Ruby had learned this before she learned how to run.

She was seven the first time she heard it — not a voice, not exactly, but a weight pressing behind her ears, like the city itself was leaning in too close. She had been standing outside an old temple that no longer welcomed prayers, its doors locked and paint peeling away like dry skin. The air smelled of damp stone and dust, and she felt the quiet thrum of something unseen, waiting.

"Go home," her mother had said, tugging her wrist.

But Ruby hadn't moved.

Because something inside the temple was crying.

It was not a sound she could describe. Not words. Not even a whisper. More like the residue of emotions — sorrow, regret, loneliness — pressing into her chest and lungs, demanding attention. She didn't understand it. She couldn't name it. And yet, she felt the weight of it.

That night, when she lay in bed and the city's lights shimmered like distant stars through her window, she realized she had forgotten the sound of the temple bell that rang every evening near her house.

She never questioned why.

Over the years, she learned to recognize it — the echoes. Small, lingering remnants of moments lost or left behind. A person's first heartbreak, a family argument that ended without apology, a child's laughter that never reached anyone. These fragments clung to places, waiting for someone to notice, to feel them, to bear them.

Ruby bore them.

She grew up listening to the city's hidden voice, walking its empty streets at night, following the faintest threads of emotion to abandoned schools, shuttered shops, and silent homes. The red thread bracelet on her wrist, a gift from her grandmother, became her anchor — a reminder that she was still herself, even as the weight of the world pressed against her mind.
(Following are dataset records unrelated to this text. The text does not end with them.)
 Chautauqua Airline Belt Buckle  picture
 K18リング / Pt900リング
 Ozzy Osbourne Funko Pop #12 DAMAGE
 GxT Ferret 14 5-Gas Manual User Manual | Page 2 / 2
Sometimes the echoes were small. A fleeting memory of joy, a whisper of regret. Sometimes they were massive — grief that could drown a person, anger so sharp it cut through reality like a knife. Each one left a mark on her soul. Every time she tried to soothe them, she gave something of herself in return. Not strength, not power, not even talent. Memories. Small, precious fragments of her own life would slip away, lost forever, leaving her hollow in the quietest places.
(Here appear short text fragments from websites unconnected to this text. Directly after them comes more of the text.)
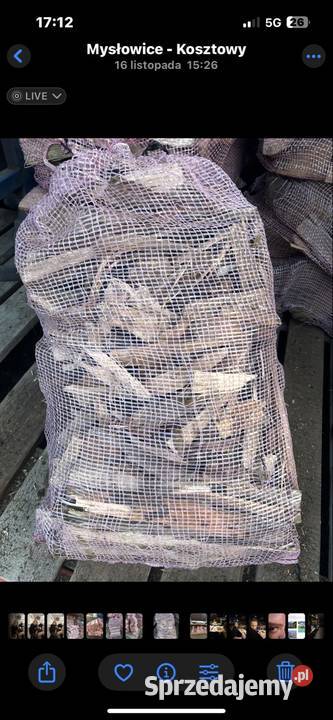 Rozpałka w worku z drewna liściastego Mysłowice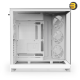 NZXT H9 Flow RGB White Large Dual-Chamber Mid-Tower PC Case NZXT H9 Flow RGB White large dual-chamber mid-tower PC case with dark tinted tempered glass, F420 RGB Core front fan, and back-connect ATX motherboard support
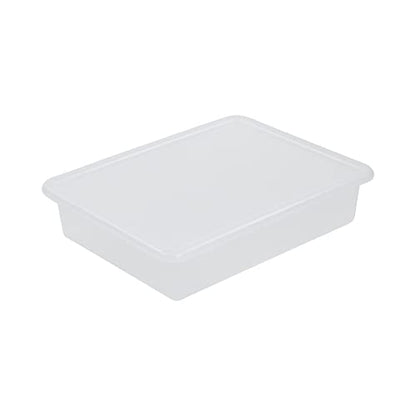 ECR4Kids Letter Size Tray Organizer with Lid, Small, 10-Piece, Clear - color: Clear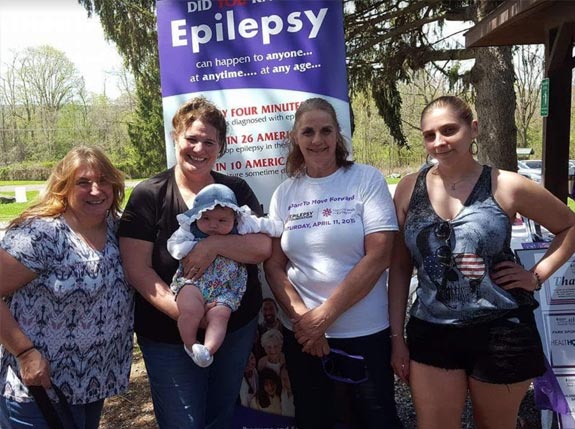 Team Northeast Regional Epilepsy Group even had a baby member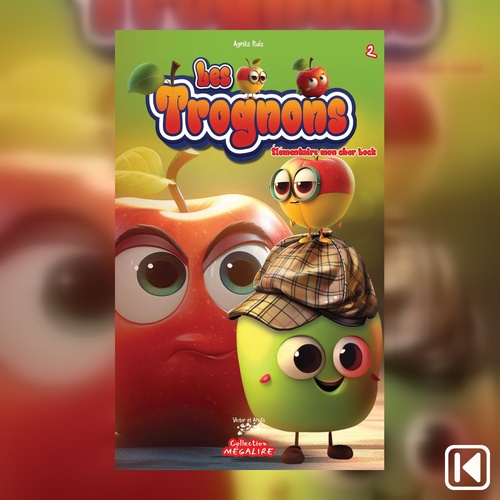 Couverture audiobook de Les Trognons Tome 2 - Élémentaire, mon cher Lock, de Agnès Ruiz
By the time she was seventeen, Ruby understood one undeniable truth: silence was never empty. It was always full of what had been lost — waiting, wanting, needing to be heard. And she, Ruby, was the only one who could.
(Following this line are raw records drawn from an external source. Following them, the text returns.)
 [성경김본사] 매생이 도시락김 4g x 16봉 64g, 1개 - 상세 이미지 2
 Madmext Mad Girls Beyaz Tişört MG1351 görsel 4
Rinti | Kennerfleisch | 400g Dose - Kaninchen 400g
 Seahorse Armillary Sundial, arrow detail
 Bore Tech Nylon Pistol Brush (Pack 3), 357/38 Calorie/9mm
On rainy evenings, she would wander alone through streets slick with water and fallen leaves. The city whispered constantly: echoes from classrooms, playgrounds, temples, homes that had long been abandoned. Sometimes the whispers were faint, like a memory brushing against the edge of her consciousness. Other times, they were loud enough to make her shiver, as if the city itself were alive and speaking through its lost moments.

Ruby never ignored them. She had learned that ignoring them came at a cost — echoes didn't forgive neglect. They grew restless. They became shadows. They could break things. People. Places. Hearts.

And so she listened.

She followed the voices into abandoned schoolyards, dusty classrooms, and overgrown playgrounds. She knelt beside shadows of children she had never met, whispered comfort to voices trapped in anger or sadness, and felt the weight lift — only to notice a small fragment of her own life vanish in the process. Sometimes it was a memory of her mother's lullabies. Sometimes it was the sound of her father laughing in the kitchen. Sometimes it was a simple, cherished smell from her childhood that she could no longer name.

Each loss was small, but together, they began to add up. Each memory lost was a piece of herself that she could not reclaim. Yet she continued. She had no choice. Someone had to listen.

And so the city spoke, and Ruby listened.

She did not yet know the full cost of her gift. She did not yet know the danger that came with it. She did not yet know the truth about the echoes — that some were born not of sorrow, but of deliberate cruelty, waiting for someone like her to stumble into their path.

But Ruby would learn. She always did.

Because she was the girl who could hear too much.

And the city would never stop whispering.